12 septembre 1940
découverte de la grotte de Lascaux
La chevauchée fantastique
Depuis sa découverte, la grotte de Lascaux a pris place parmi les plus anciens et plus admirables chefs-d'oeuvre de l'humanité.
C'est le jeudi 12 septembre 1940, après 17.000 ans de sommeil, qu'elle a retrouvé la lumière grâce à la curiosité d'un chien.
Ce jour-là, près du village de Montignac, au-dessus de la Vézère, au coeur du Périgord noir, quatre garçons de 13 ans poursuivent leur chien dans une faille de rocher. Ils débouchent dans une grotte et découvrent à la lueur d'une lampe de fortune la chevauchée fantastique de taureaux et chevaux multimillénaires.
Prévenu, leur instituteur Léon Laval alerte à son tour très vite le « Pape de la Préhistoire », l'abbé Henri Breuil.

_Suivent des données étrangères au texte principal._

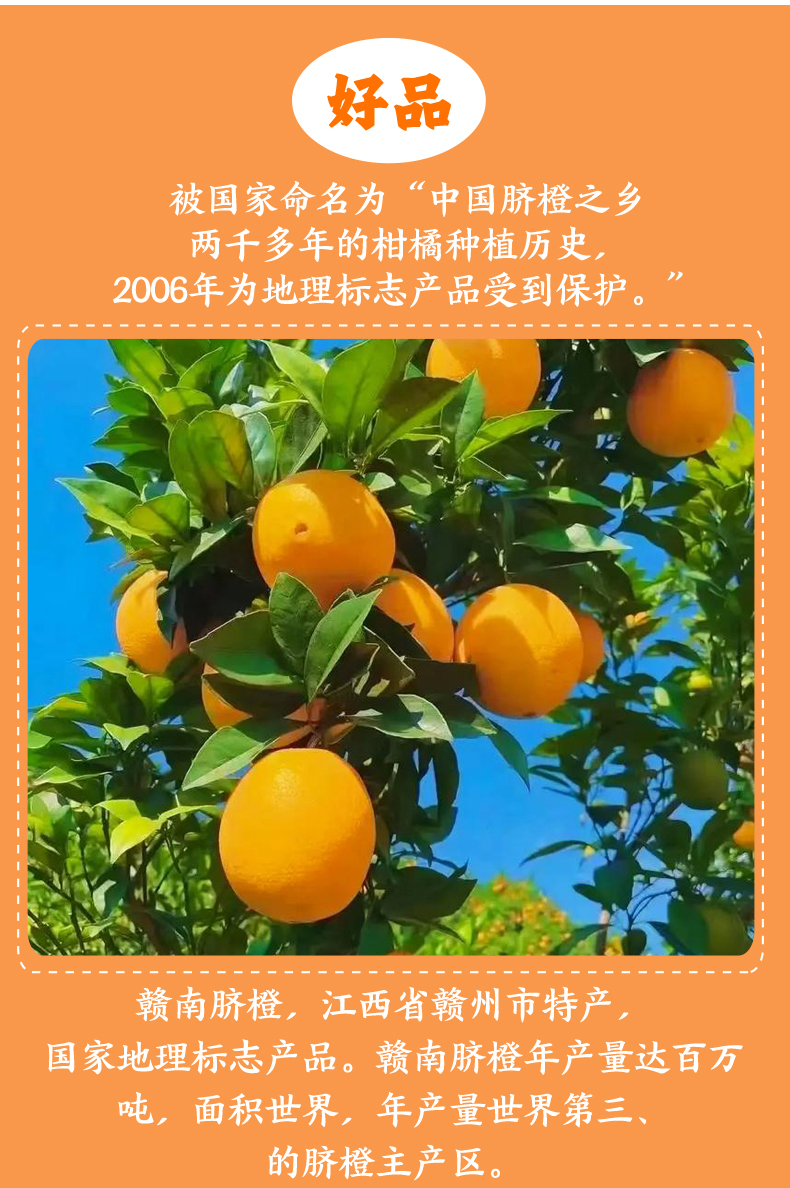 O1CN01Zgq9gm25bCuzuMM9P_!!2217813267544-0-scmitem176000.jpg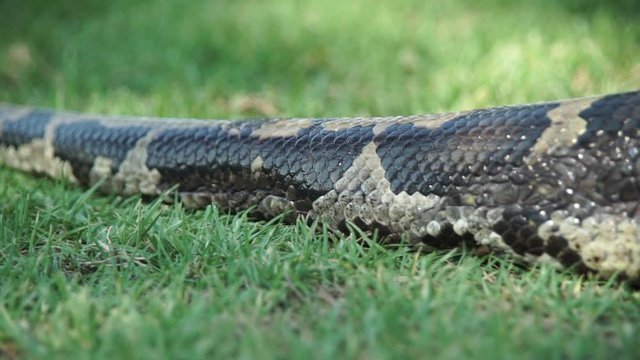 The extremley large tail of a boa constrictor slithering throught the grass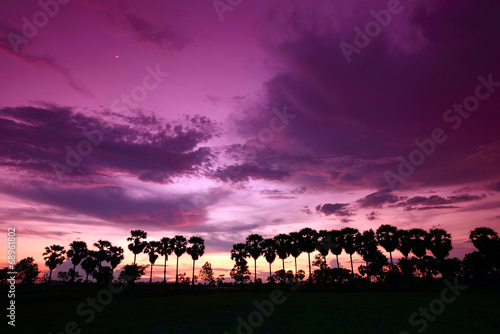 silhouette sunset © lukchai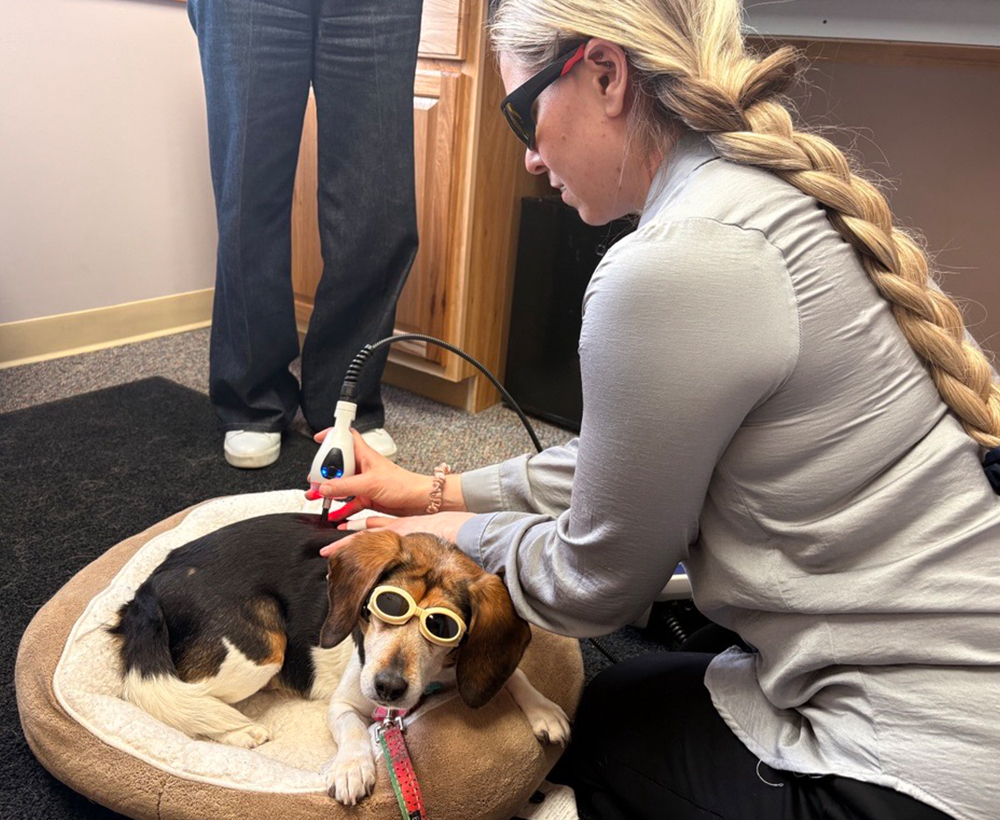 dog during laser therapy treatment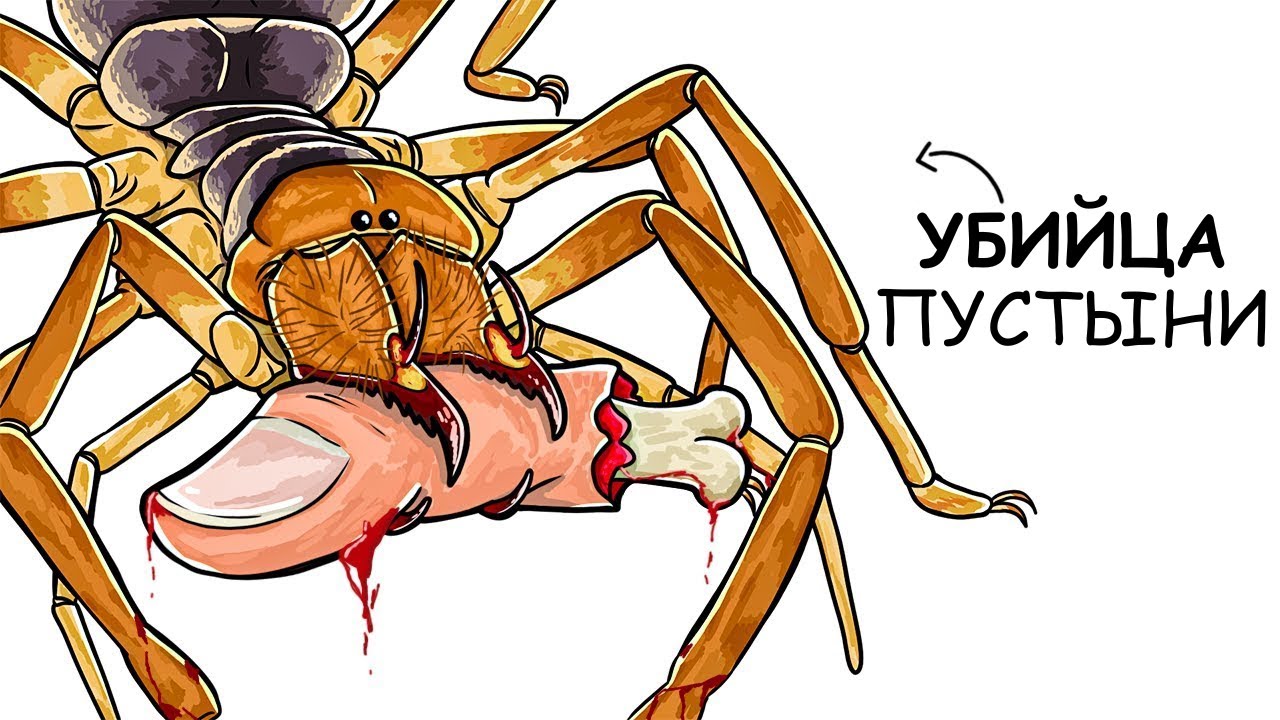 Ты – Фаланга (И ЭТО ВСЯ ТВОЯ ЖИЗНЬ)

Celui-ci se rend rapidement sur le site, appelé Lascaux, et au terme de patients relevés, à la lueur d'une bougie, il identifie des peintures rupestres vieilles de 18.000 ans. Le site est classé monument historique dès le 27 décembre suivant.
Lascaux est sans doute le plus grand ensemble pictural préhistorique connu à ce jour. Ce n'est pas, et de loin, le plus ancien...
Lascaux : la rotonde gauche
Plus vrai que nature
Les peintures de Lascaux ayant été altérées par l'afflux de visiteurs, le site a été fermé au public en 1963. En guise de compensation, on lança la création d'un fac-similé de la grotte à proximité de celle-ci.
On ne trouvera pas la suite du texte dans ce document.